Ingesting everything from prod may be a bit much (low signal-noise), so you may want a config file that lists metric names of interest. We already configure Prometheus with various "recording rules" that forward and pre-process a subset of raw metrics for rapid access, this would be a bit like that. And also similar to the refine_sanitize job (event_sanitized_analytics_allowlist.yaml), in that it moves a selected set of data from one place to another for long-term and wider access.

Beyond MediaWiki - this approach would instantly gain you access to metrics from any production service. Once you're on the other side of Prometheus, there's nothing special about MediaWiki. You can ingest metrics from any service, without someone needing to write instrumentation. Plus, ingestion could even be self-serviced by anyone who's interested in the metric. In the same way that anyone can create a dashboard in Grafana and plot something from Prometheus (i.e without technical changes that would require approval from a service owner).

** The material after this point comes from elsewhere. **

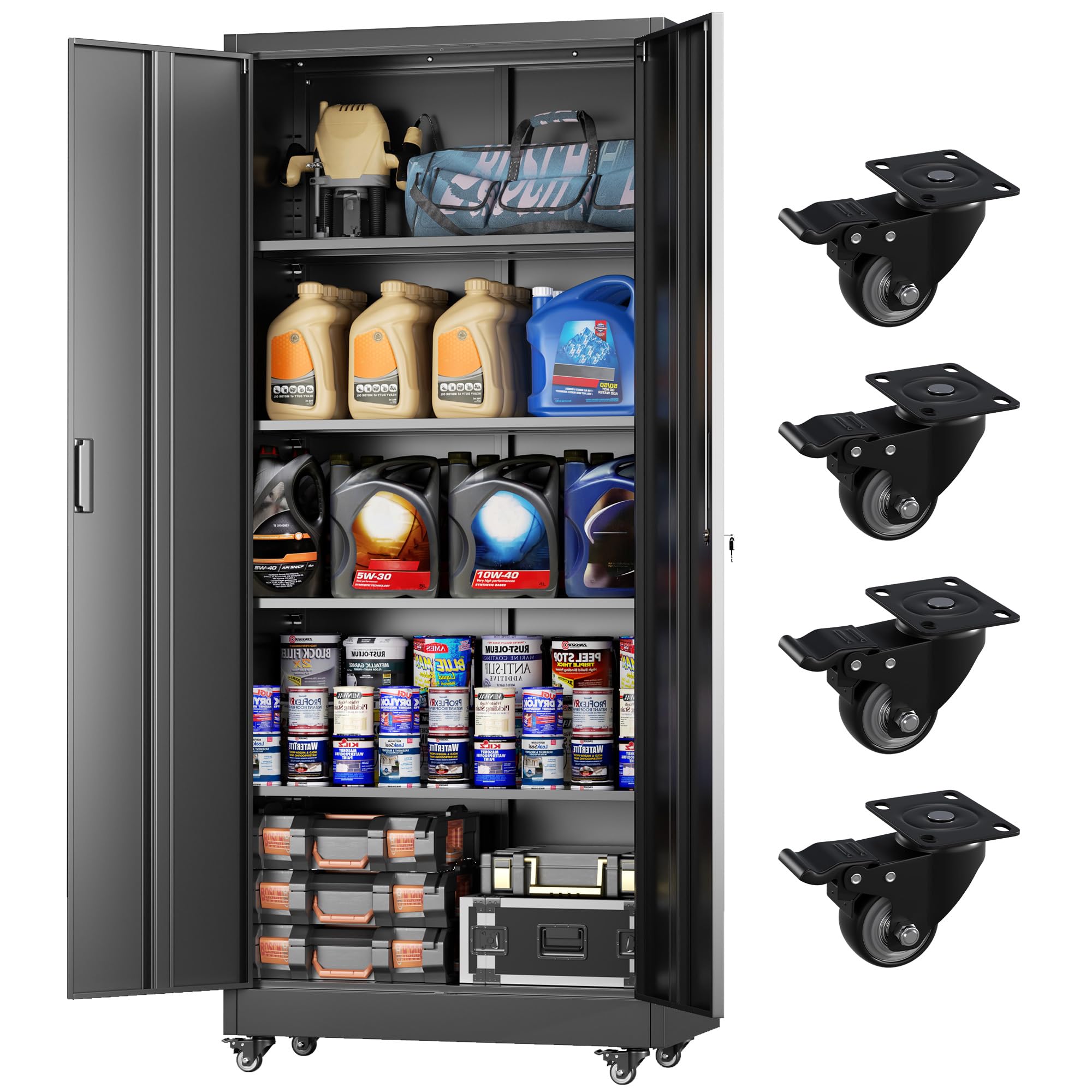 Greenvelly 73" Storage Cabinet with Wheels,Metal Rolling Garage Cabinet with Locking Doors and 4 Adjustable Shelves for Home,Kitchen,Office,Warehouse(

Hm! Yeah maybe! Do you know if Prometheus supports something like that?

Feel free to edit the task and add more potential options!

What comes to mind is Prometheus' support for remote write. In other words Prometheus pushes a subset of metrics to an HTTP endpoint with a protobuf payload. In that case we would use relabeling to only send a subset of ingested metrics (e.g. mw); changing said subset wouldn't be fully self-service (i.e. a puppet patch is required). To be clear, I'm not endorsing this solution vs others in the task description, it is certainly possible though

Interesting. There is a Kafka adapter too!

We'd have to transform the prometheus Kafka adapter JSON format into something Event Platform compatible, similar to Option 4.

I like the fact that any configured metric in prometheus could be captured, not just the ones emitted by MW via statsv. I'll edit the task with this as Option 5.

Ottomata added subscribers: BTullis, CDanis.

I just added Option 6: T347430: [Data Platform] Install a Prometheus connector for Presto, pointed at thanos-query to the task description.

I think if we can promote this and show that it works for some use cases in question, this solution is probably sufficient! And it is already done! (Thank you @BTullis, @CDanis, @fgiunchedi !)

Ottomata renamed this task from Produce MediaWiki client emitted operational metrics into Event Platform, allowing them to be queried in the WMF Data Lake with SQL to Enable querying operational (prometheus) metrics via the WMF Data Platform.Jul 15 2025, 8:05 PM
Ottomata updated the task description. (Show Details)

I've updated the task name and description to avoid the event platform based solution. There are pros to getting this data into the data platform, but it is quite likely that just making it queryable alongside of other datasets is enough!